Can tiny Chinese pigs be perfect pets? DNA changes raise concerns

A BGI gene-edited micro pig (left) stands next to some Bama mini pigs that are conventionally used for scientific research.
A BGI gene-edited micro pig (left) stands next to some Bama mini pigs that are conventionally used for scientific research. Courtesy of Alison Van Eenennaam

BEIJING, China — Do you want a pet pig but worry it might grow as big as your bathtub?

A Chinese company says it now has the answer. It has created a pig that would weigh no more than about 33 pounds fully grown. The company, called BGI, made the tiny pig by changing its DNA. Your DNA holds the information for how each part of the body should grow and behave. Pigs have DNA too. It is passed on from parents to children.

Scientists "Edit" Pig Genes

BGI announced that it will start selling the miniature pigs for $1,600. The company originally created the animals to study human diseases.

They were made through a process called gene editing. Scientists “edited,” or changed, the swine’s DNA. They turned off a gene so that cells do not get a signal to grow. Genes are part of DNA. Each gene controls a different function in the body, like size or eye color.

Several celebrities have become known for their pig pets. Miley Cyrus’ Bubba Sue and Paris Hilton’s Princess Piglette grew so big they are hard to carry.

However, some people abandon pet pigs that grow too large. Experts say that more people would keep their pigs if they were smaller. Curt Mills is with the Southern California Association for Miniature Pot-Bellied Pigs. He says four local animal shelters are filled with abandoned pigs. About 150 pigs are looking for homes.

Small Pigs Make Good Pets

Pigs are good pets, but the big problem is their size, said Patty Morrisroe. She breeds pigs in Oregon. Morrisroe says she has produced pigs that will grow to about 39 pounds. But she can raise only about 20 piglets each year, and she charges $2,500 to $5,500 for each one.

It is not known whether BGI will sell its pigs outside China. If Americans wanted them, the U.S. government would have to decide whether they could be imported.

Alison Van Eenennaam visited BGI about three months ago and saw the micro pigs. She is an expert at the University of California, Davis.

Gene editing is a powerful technology, she said. It can produce animals that will stay healthier. Yet, many people do not want to eat animals with altered genes. No government has let a genetically changed animal be used for food, she said. Only a few genetically engineered animal products have even been approved for humans as medicine.

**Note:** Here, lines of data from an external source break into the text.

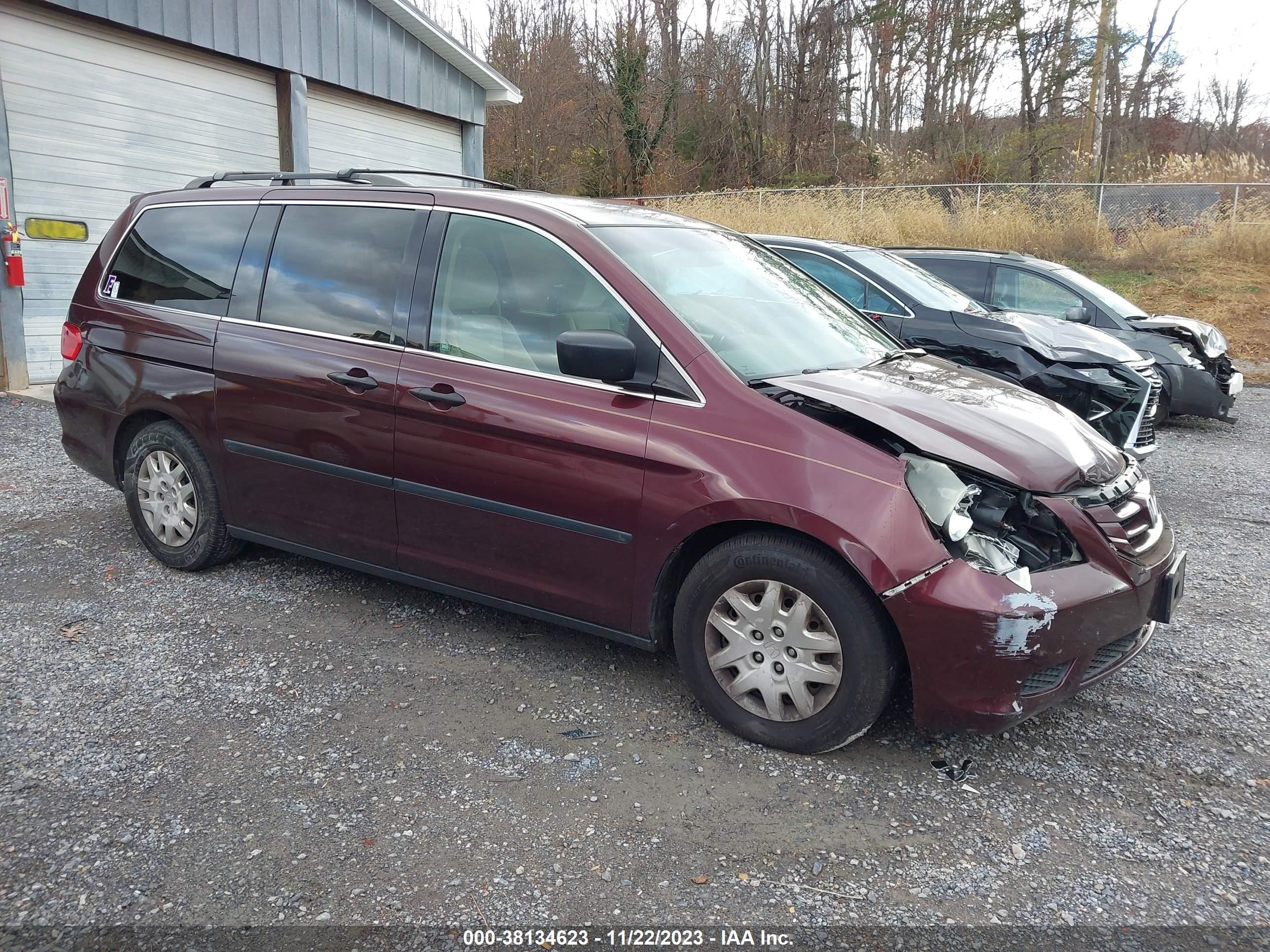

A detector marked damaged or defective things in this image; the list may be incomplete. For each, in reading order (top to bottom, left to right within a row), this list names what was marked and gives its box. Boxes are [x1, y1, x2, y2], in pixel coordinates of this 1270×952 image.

wrecked vehicle in background [57, 182, 1178, 756]
crumpled hood [767, 355, 1128, 492]
damaged black car [751, 238, 1163, 462]
wrecked vehicle in background [751, 238, 1163, 462]
broken headlight [904, 452, 1082, 589]
crumpled hood [950, 309, 1148, 365]
damaged black car [889, 247, 1234, 424]
wrecked vehicle in background [894, 247, 1239, 424]
crumpled hood [1132, 314, 1229, 360]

Because companies cannot sell the animals for food, they are waiting before they spend more money on the technology, she said.

Friends, Not Food

People accept bioengineered pets much easier. A florescent fish, called GloFish, is popular in the United States. The fish were created by Singaporean scientists. They inserted jellyfish and sea anemone genes into zebrafish eggs.

“People are happy to have them in their aquarium," Van Eenennaam said. "But it’s when it’s on their dinner plate that they have a different attitude."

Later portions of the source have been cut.